Обсуждая проблему внедрения инновационных разработок, мне неоднократно приходилось сталкиваться с позицией российских «рыночных фетишистов», уверенных в том, что техническая модернизация определяется исключительно благоприятной рыночной конъюнктурой. И ничем иным! Мол, если ученый работает над серьезным изобретением, сулящим материальную выгоду, то успех этому изобретению гарантирован. С этих позиций «рыночные фетишисты» оценивают сложившуюся у нас ситуацию с инновациями: дескать, ученые сами виноваты в том, что их работа «не вписалась» в рынок. Отсюда делается дежурное назидание: изучайте конъюнктуру, готовьте правильные бизнес-планы, и будет вам счастье, деньги  и слава.

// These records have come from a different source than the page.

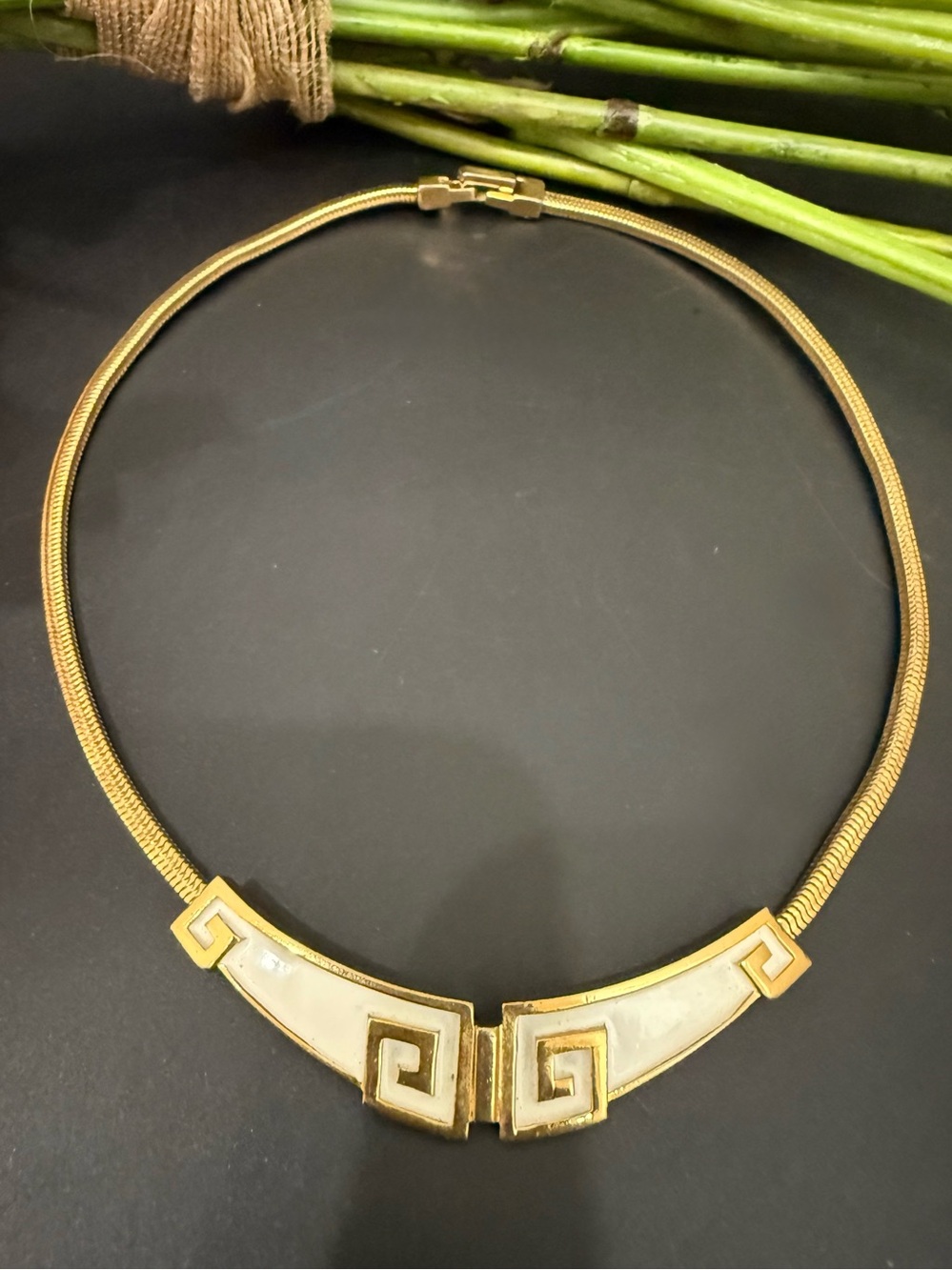 Vintage Signed TRIFARI Gold-tone Off White Enameled Greek Key Style Necklace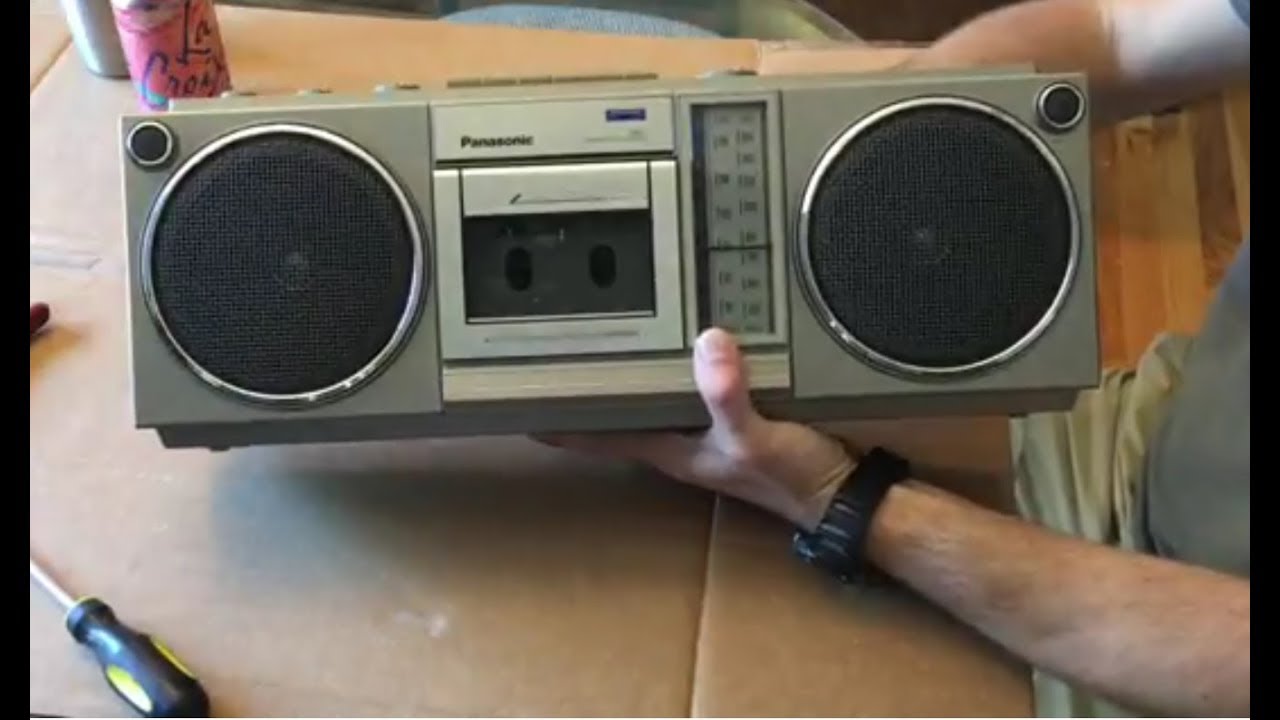 Vintage 80's Boombox to Bluetooth DIY Repurpose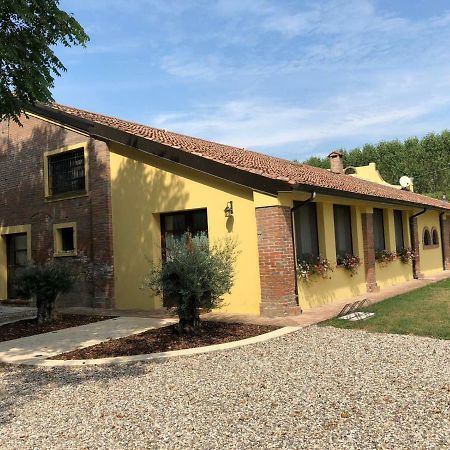 Agriturismo La Bicocca Sermide Екстер'єр фото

Подобные назидания, как мне представляется, характерны именно для нашей страны, где сформировалось целое поколение «экспертов», навязчиво демонстрирующих свою фанатичную приверженность «рыночной» (как они думают)  идеологии. Насколько применим этот взгляд к столь сложному культурно-историческому явлению, как научно-технический прогресс? Ведь когда речь заходит о внедрении чего-то принципиально нового, мы как раз и сталкиваемся с прогрессом. Так вот, может один лишь материальный расчет направлять это движение?

Начнем с того, что прогресс не движется плавно, по прямой. Он всегда разворачивается через скачкообразные революционные преобразования, где важнейшую роль играют  изобретения, потенциал которых раскрывался далеко не сразу. Порох был изобретен европейцами в XIV веке. Тогда же в Европе стали появляться первые образцы огнестрельного оружия. Однако они не были дальнейшей эволюцией катапульт и арбалетов, ибо в их основе был заложен совершенно другой ПРИНЦИП. Именно новый принцип определил развитие вооружений европейских стран. То же самое можно сказать о появлении парового двигателя, о появлении двигателя внутреннего сгорания, об электричестве, о ядерной энергетике, о цифровой революции, наконец.

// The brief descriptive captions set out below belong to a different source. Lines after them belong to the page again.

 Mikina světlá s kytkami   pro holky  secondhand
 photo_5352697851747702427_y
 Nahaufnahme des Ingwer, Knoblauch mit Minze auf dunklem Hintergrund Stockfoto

По большому счету любая подобная революция – всегда есть утверждение каких-то нестандартных решений. Именно нестандартных! И тот, кто утверждает новые принципы, обладает несколько иными мотивациями, нежели простой материальный расчет. Я специально заостряю внимание на этом моменте.

Само по себе стремление к материальной выгоде – как принято думать с определенных пор – совсем не предполагает никаких прогрессивных сдвигов, никаких инноваций. Чтобы разбогатеть, необязательно идти рискованным непроторенным путем – достаточно просто воспроизвести известный опыт. Что касается нового изобретения, то на первых своих этапах оно вообще не гарантирует никакой прибыли, а потому в свете коммерческого  прагматизма нередко воспринимается как бессмысленная растрата сил.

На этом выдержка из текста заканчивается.